**TASK PROMPT:**
The response must contain each line of the material that holds "guys".

── EXTRACTED DATA ──

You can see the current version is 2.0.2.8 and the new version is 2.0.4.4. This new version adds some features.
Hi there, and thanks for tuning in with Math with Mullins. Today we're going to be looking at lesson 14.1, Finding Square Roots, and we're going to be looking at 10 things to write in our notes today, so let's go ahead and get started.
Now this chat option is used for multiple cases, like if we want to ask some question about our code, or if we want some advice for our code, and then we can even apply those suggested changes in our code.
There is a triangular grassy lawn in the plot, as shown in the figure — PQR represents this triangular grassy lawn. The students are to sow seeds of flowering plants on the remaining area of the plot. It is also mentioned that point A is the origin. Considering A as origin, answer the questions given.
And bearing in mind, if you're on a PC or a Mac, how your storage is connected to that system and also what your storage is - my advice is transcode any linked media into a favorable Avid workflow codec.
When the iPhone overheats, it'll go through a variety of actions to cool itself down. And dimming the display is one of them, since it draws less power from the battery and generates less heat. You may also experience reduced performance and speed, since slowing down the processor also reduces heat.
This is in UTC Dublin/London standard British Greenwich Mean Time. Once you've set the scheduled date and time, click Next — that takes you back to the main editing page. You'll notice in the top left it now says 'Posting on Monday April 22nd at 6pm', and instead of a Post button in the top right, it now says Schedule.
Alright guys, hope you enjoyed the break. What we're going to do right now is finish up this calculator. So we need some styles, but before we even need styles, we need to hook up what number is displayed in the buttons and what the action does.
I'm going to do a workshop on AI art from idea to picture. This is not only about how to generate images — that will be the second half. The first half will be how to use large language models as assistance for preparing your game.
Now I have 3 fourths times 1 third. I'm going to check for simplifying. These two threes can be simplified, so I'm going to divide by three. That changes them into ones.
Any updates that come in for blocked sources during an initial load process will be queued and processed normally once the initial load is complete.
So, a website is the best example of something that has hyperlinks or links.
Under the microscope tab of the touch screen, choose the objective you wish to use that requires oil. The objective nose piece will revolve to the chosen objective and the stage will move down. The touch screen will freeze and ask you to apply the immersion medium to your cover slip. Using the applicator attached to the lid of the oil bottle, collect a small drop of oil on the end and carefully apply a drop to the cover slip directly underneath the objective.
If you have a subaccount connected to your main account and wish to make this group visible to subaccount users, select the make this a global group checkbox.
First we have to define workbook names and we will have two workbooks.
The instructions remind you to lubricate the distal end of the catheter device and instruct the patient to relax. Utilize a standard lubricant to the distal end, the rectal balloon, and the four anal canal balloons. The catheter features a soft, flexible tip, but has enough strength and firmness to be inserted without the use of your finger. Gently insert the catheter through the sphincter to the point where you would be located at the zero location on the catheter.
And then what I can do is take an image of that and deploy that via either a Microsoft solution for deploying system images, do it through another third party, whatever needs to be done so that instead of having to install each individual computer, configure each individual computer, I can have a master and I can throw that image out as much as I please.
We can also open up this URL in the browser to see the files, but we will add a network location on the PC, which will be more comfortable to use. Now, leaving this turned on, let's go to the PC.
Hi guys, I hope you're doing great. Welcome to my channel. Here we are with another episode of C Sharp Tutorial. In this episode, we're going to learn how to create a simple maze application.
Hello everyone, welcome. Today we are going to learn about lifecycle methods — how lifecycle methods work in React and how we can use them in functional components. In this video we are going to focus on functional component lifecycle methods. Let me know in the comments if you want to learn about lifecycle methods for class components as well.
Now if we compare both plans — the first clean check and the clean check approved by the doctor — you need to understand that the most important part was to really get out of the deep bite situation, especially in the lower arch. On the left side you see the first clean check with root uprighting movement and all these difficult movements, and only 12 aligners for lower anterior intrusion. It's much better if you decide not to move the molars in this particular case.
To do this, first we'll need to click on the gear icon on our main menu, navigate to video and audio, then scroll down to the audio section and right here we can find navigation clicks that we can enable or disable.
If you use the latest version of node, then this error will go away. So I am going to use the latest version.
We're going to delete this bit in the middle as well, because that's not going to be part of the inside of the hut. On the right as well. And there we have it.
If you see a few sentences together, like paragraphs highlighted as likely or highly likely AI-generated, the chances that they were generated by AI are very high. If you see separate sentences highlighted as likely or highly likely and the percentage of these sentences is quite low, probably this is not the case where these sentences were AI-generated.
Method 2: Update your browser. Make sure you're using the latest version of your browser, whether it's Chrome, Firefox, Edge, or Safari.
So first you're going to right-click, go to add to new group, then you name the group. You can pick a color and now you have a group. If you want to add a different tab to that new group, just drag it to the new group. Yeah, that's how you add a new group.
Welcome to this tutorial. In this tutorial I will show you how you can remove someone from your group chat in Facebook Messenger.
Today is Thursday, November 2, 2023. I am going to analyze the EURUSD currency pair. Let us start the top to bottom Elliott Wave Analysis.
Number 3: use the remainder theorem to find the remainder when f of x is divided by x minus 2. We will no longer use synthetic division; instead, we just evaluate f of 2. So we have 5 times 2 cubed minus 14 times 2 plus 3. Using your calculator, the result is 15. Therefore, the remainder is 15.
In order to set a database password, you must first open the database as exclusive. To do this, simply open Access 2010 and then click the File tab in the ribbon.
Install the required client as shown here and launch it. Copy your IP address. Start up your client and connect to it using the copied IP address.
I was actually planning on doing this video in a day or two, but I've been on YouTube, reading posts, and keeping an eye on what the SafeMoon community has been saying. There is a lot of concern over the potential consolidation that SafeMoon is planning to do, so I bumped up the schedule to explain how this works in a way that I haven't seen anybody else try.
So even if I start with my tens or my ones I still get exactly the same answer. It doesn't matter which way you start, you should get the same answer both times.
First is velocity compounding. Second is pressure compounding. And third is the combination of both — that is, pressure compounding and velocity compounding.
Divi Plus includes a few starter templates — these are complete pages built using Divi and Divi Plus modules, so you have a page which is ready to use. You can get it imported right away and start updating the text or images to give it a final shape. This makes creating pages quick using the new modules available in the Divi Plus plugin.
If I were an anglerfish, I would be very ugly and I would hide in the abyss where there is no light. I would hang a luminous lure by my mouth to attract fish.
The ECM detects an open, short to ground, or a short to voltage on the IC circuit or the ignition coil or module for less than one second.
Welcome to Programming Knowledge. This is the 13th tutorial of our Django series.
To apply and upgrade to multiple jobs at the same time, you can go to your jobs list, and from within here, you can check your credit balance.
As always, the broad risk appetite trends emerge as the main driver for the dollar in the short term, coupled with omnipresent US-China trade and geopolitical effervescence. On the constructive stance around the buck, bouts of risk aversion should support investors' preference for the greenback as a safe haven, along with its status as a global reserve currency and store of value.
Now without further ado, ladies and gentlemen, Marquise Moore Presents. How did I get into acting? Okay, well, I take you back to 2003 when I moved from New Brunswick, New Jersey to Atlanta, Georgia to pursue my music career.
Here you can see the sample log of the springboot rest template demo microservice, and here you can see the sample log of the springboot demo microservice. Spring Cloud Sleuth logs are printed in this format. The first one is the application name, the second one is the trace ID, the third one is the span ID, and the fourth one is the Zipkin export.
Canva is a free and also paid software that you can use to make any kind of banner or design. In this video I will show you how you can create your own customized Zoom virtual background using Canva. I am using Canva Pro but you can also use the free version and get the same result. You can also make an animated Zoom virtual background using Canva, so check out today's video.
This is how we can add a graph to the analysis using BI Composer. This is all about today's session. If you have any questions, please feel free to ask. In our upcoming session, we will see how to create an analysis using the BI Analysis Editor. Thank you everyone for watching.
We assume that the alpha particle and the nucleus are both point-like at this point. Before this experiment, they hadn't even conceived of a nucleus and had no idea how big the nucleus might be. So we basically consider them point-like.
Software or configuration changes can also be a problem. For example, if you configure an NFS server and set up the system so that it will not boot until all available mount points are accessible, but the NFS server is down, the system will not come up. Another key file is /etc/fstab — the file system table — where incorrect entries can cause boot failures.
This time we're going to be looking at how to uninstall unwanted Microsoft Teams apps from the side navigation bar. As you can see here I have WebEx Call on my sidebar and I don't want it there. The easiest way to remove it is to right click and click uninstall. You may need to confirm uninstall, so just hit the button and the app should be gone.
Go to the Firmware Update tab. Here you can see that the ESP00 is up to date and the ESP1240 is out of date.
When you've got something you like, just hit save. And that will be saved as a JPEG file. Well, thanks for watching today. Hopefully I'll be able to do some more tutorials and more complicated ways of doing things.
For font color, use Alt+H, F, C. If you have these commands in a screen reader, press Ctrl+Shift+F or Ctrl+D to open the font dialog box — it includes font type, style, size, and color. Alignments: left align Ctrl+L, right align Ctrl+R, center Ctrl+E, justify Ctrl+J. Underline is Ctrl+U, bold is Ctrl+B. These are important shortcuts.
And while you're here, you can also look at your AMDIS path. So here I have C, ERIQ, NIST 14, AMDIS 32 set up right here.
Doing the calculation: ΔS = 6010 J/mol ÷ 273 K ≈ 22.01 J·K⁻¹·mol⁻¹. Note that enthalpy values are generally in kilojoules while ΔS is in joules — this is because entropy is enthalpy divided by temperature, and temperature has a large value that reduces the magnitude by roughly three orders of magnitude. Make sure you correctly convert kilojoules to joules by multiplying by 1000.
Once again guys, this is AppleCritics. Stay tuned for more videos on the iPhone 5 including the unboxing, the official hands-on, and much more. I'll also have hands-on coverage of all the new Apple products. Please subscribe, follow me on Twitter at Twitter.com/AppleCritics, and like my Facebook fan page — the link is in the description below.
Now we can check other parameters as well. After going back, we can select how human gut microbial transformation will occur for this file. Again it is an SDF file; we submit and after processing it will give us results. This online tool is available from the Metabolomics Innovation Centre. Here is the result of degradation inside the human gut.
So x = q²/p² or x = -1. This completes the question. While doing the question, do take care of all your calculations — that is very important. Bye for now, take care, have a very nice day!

───

**RESPONSE TO THIS TASK:**
Alright guys, hope you enjoyed the break. What we're going to do right now is finish up this calculator. So we need some styles, but before we even need styles, we need to hook up what number is displayed in the buttons and what the action does.
Hi guys, I hope you're doing great. Welcome to my channel. Here we are with another episode of C Sharp Tutorial. In this episode, we're going to learn how to create a simple maze application.
Once again guys, this is AppleCritics. Stay tuned for more videos on the iPhone 5 including the unboxing, the official hands-on, and much more. I'll also have hands-on coverage of all the new Apple products. Please subscribe, follow me on Twitter at Twitter.com/AppleCritics, and like my Facebook fan page — the link is in the description below.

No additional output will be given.